I remember walking around with a comb in the back pocket of my jeans.

Potato chips at my elementary school were 15 cents.

I remember cheering for McGovern against Nixon outside the ballot box as my mom voted.
January 5, 2009 | Unregistered CommenterJen
I am a graphic designer who learned who to cut and paste type in college.

Nuff said.
January 5, 2009 | Unregistered CommenterAimee Greeblemonkey
I remember playing outside all day long, in the fields across the street, and only having to check in when the street lights came on. When I was 8.

I remember my first tape walkman cost $80 and was the best gift I ever got to that point.

I remember roller skating rinks and coke in a bottle.
January 5, 2009 | Unregistered Commenterall things BD
Wow this is awesome.

For my 6th birthday, I had a roller skating party at the roller rink. There was a disco ball and we did the hokey pokey. I got a green sparkly slap bracelet which was OMG SO COOL.

I had jelly shoes, and spandex shorts, and a skort, and multiple tunics/ leggings of assorted rainbow colors. Scrunchies galore.

Also had to beg and plead for call waiting... but mainly because my mom was and is still anti-tech. We only ever got two TV channels, NBC and PBS, which threw a wrench in my pop-culture awareness throughout the 80s and 90s. I hear I didn't miss much though :)

(25 years old)
January 5, 2009 | Unregistered Commentermfk
We used to crank call people on our rotary dial phone. This was before *69, you whippersnappers.

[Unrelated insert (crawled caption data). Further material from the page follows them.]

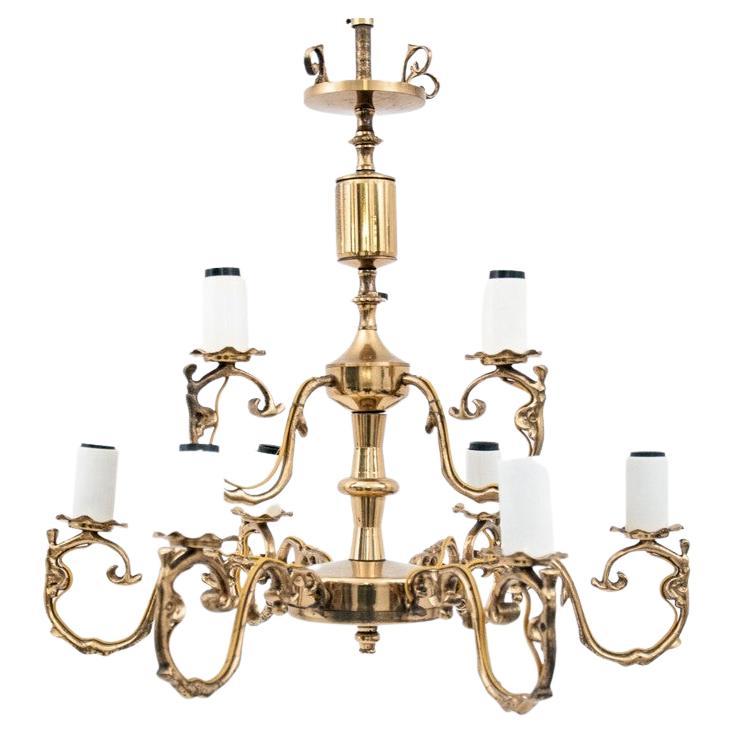 Brass chandelier, Poland, 1950s For Sale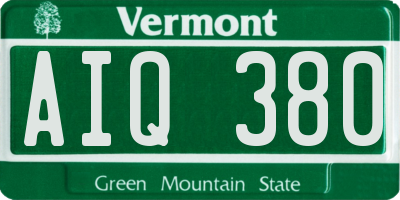 VT license plate AIQ380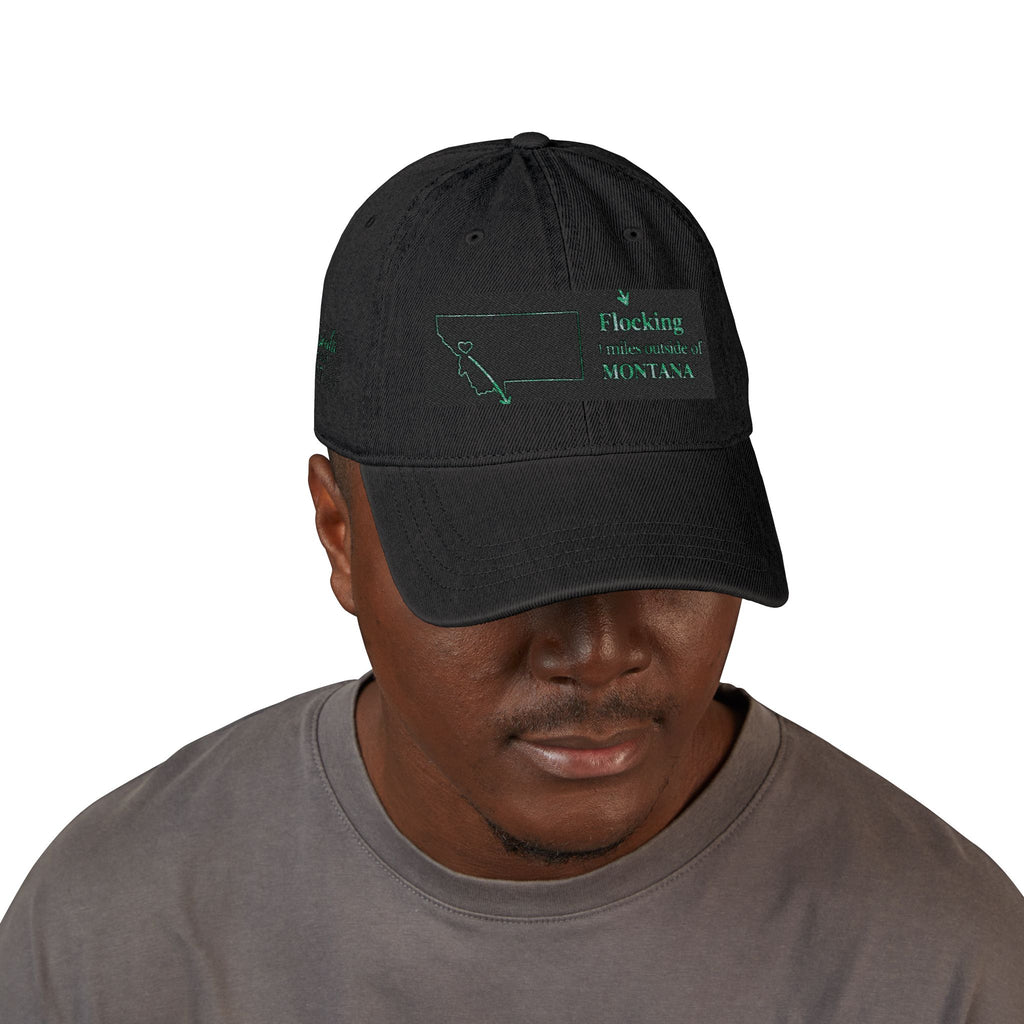 Missoula Outside Montana local humor Embroidered Denim Hat — Vintage Script Baseball Cap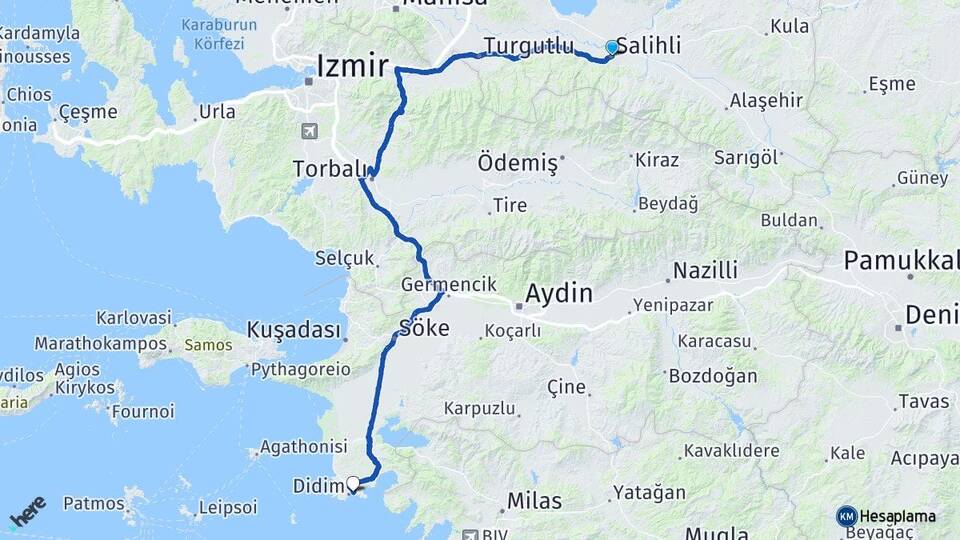 Manisa Salihli Altınkum Didim Aydın Arası Kaç Km - Yol Haritası
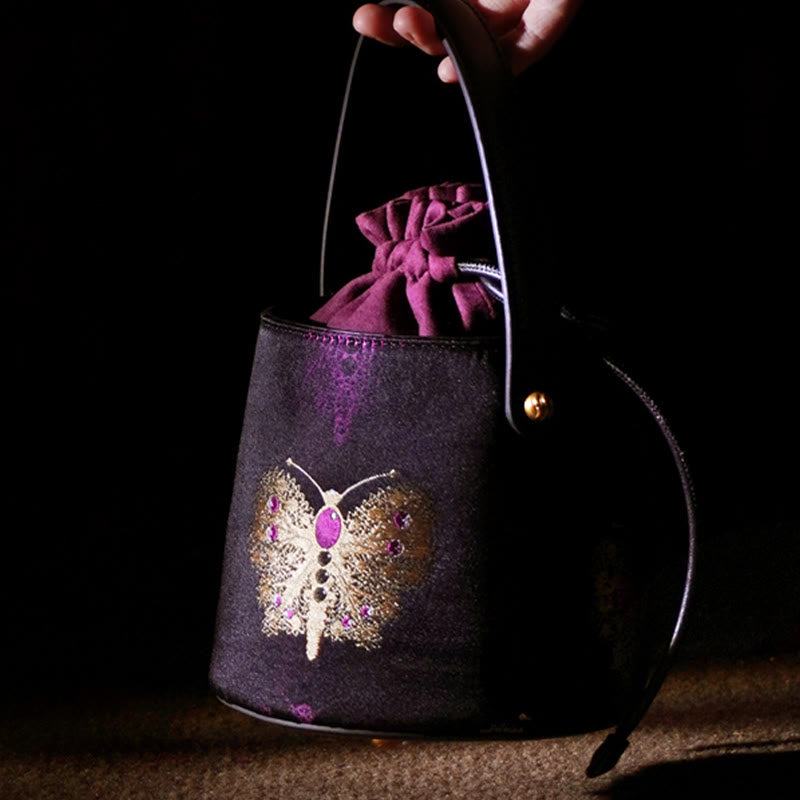 Purple Butterfly Song Brocade Crossbody Bag for Spiritual Energy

My most exciting purchase at about age 10 was a copy of Billy Joel's record album (yes, vinyl!) "Glass Houses"

When I worked as a travel writer I had to use tear sheets, which were basically the old edition of the book torn up and put on big pieces of paper, which I then reworked with all sorts of cool editing codes. BY HAND. WITH A PEN.

Then the next year I worked as an editor for the same travel guide and got to work on a MacIntosh Plus! Whoo-hoo!

The year after that, that travel guidebook was no more! I am the former employee of a defunct publication. How's that for old. Now get off my lawn.
January 5, 2009 | Unregistered Commentermichele
we paid $700 for our first microwave, then took it hope and cooked a rubbery egg in a coffee cup. Pure magic!